Put me on your list...


----------



## armyrules (7 Aug 2006)

I'll also take one


----------



## derael (7 Aug 2006)

+1


----------



## *RS*Pete (7 Aug 2006)

sounds cool,

+1 for me


----------



## military granny (7 Aug 2006)

I will take a few of them as well cplwife. Hope you get them in soon.


----------



## aesop081 (7 Aug 2006)

Great.......just what i need , another  freakin' magnet someone's gonna steal off my car........

I guess someone supports the troops more than i do....... :

[/rant]


----------



## Klc (7 Aug 2006)

If I can't get one of those I may be forced to make one....

Or some T-Shirts with that on it.


----------



## Springroll (7 Aug 2006)

I love it!

I'll take one!


----------



## 392 (7 Aug 2006)

aesop081 said:
			
		

> Great.......just what i need , another  freakin' magnet someone's gonna steal off my car........
> 
> I guess someone supports the troops more than i do....... :
> 
> [/rant]



One of the cashiers at the Canex here in Pet has said they were / are seriously considering getting some magnets in that say "This is where my 'Support Our Troops' magnet used to be before someone stole it." I know I have re-bought quite a few magnets for both my and Rachel's families that people have decided they needed more as well.

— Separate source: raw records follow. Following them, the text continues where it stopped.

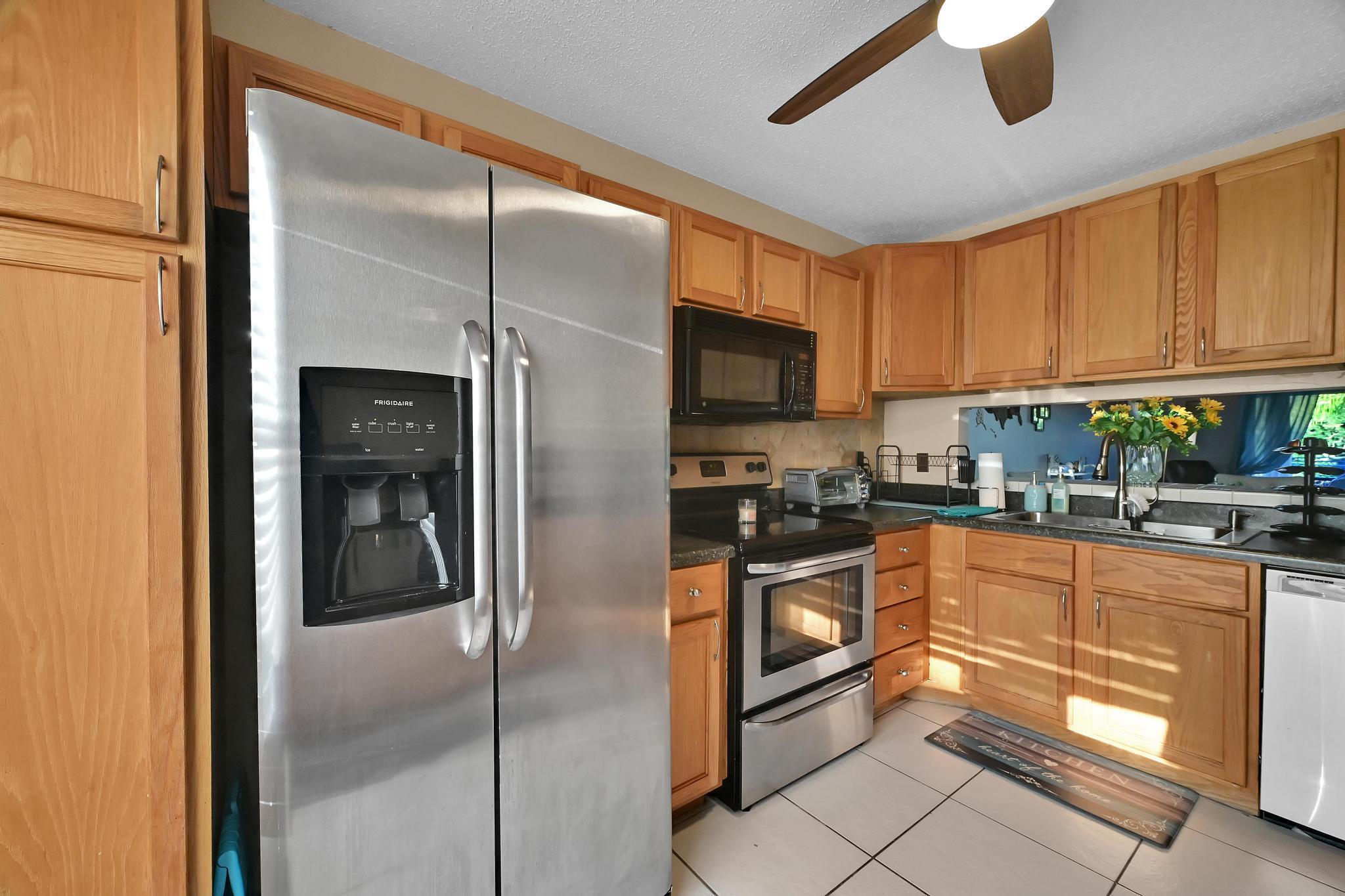 JUPITER VILLAGE PH II - Residential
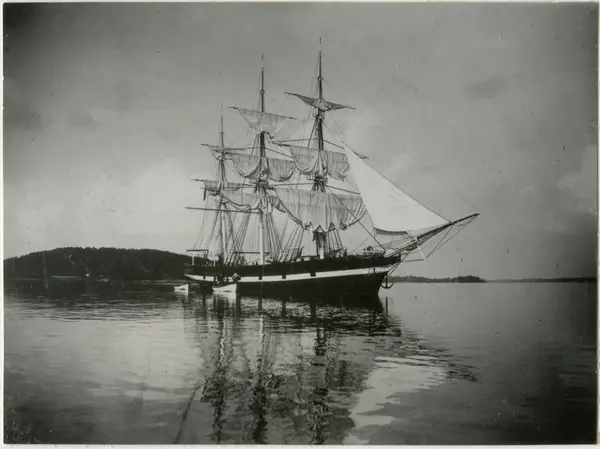 [från fotobeskrivningen:] [---] "Skolskeppet ABRAHAM RYDBERG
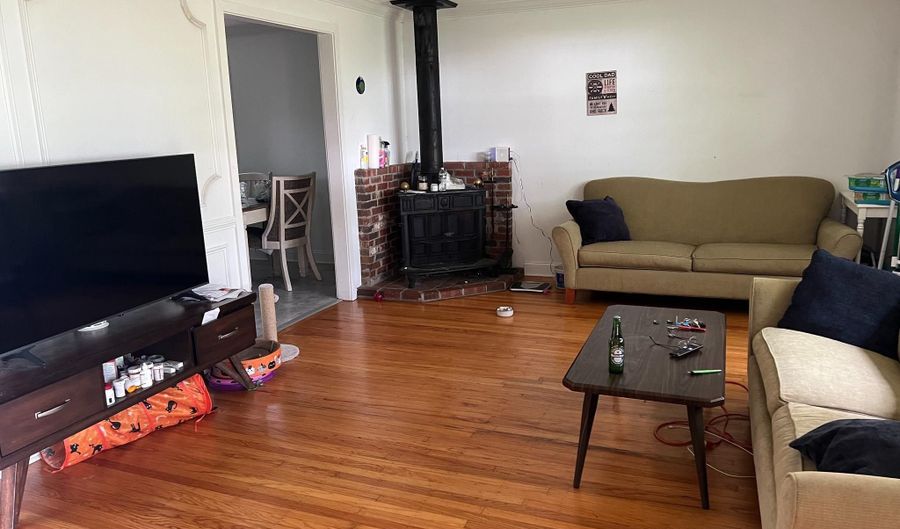 126 FAIRFAX Dr, Cinnaminson, NJ 08077 - 3 Beds, 1 Bath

It's starting to get quite irritating. I guess $3.00 cuts too far into some people's cigarette and beer money  :

I do wish they would make them in a sticker form - much harder to steal plus I don't have to remember to remove it from my tailgate before I take my truck through the carwash ;D


----------



## armywife/cadetmom (7 Aug 2006)

I love the idea, and hope we can get some here in Borden! i think it would fit in nicely with my other troops magnets!


----------



## nsmedicman (7 Aug 2006)

Consider me in for two.....


----------



## Blunt Object (7 Aug 2006)

Ya I'm totally down for that, GREAT idea. Now, lets see if we can get them to make a new piece of issued kit   lol


----------



## George Wallace (7 Aug 2006)

392 said:
			
		

> I do wish they would make them in a sticker form - much harder to steal plus I don't have to remember to remove it from my tailgate before I take my truck through the carwash ;D



Perhaps you can get them discounted at the Car Wash.   ;D

All the ones being ripped off cars must be clogging their drains, and they must have stacks of them.


----------



## rmacqueen (7 Aug 2006)

Put me down for 2.  Don't want to hijack the thread but does anyone here think the lettering on the Canex ones is too small?  Could be I need glasses but can't read them from more than 10 feet away.


----------



## aesop081 (7 Aug 2006)

392 said:
			
		

> One of the cashiers at the Canex here in Pet has said they were / are seriously considering getting some magnets in that say "This is where my 'Support Our Troops' magnet used to be before someone stole it." I know I have re-bought quite a few magnets for both my and Rachel's families that people have decided they needed more as well. It's starting to get quite irritating. I guess $3.00 cuts too far into some people's cigarette and beer money  :
> 
> I do wish they would make them in a sticker form - much harder to steal plus I don't have to remember to remove it from my tailgate before I take my truck through the carwash ;D



Hey, when my first one got stolen i bought one that said "some a$$hole stole my support magnet".  Found that one at Spencer gifts........Well, wouldnt you just know it, someone needed it more than i did also !!


----------



## navymich (7 Aug 2006)

aesop081 said:
			
		

> ...Well, wouldnt you just know it, someone needed it more than i did also !!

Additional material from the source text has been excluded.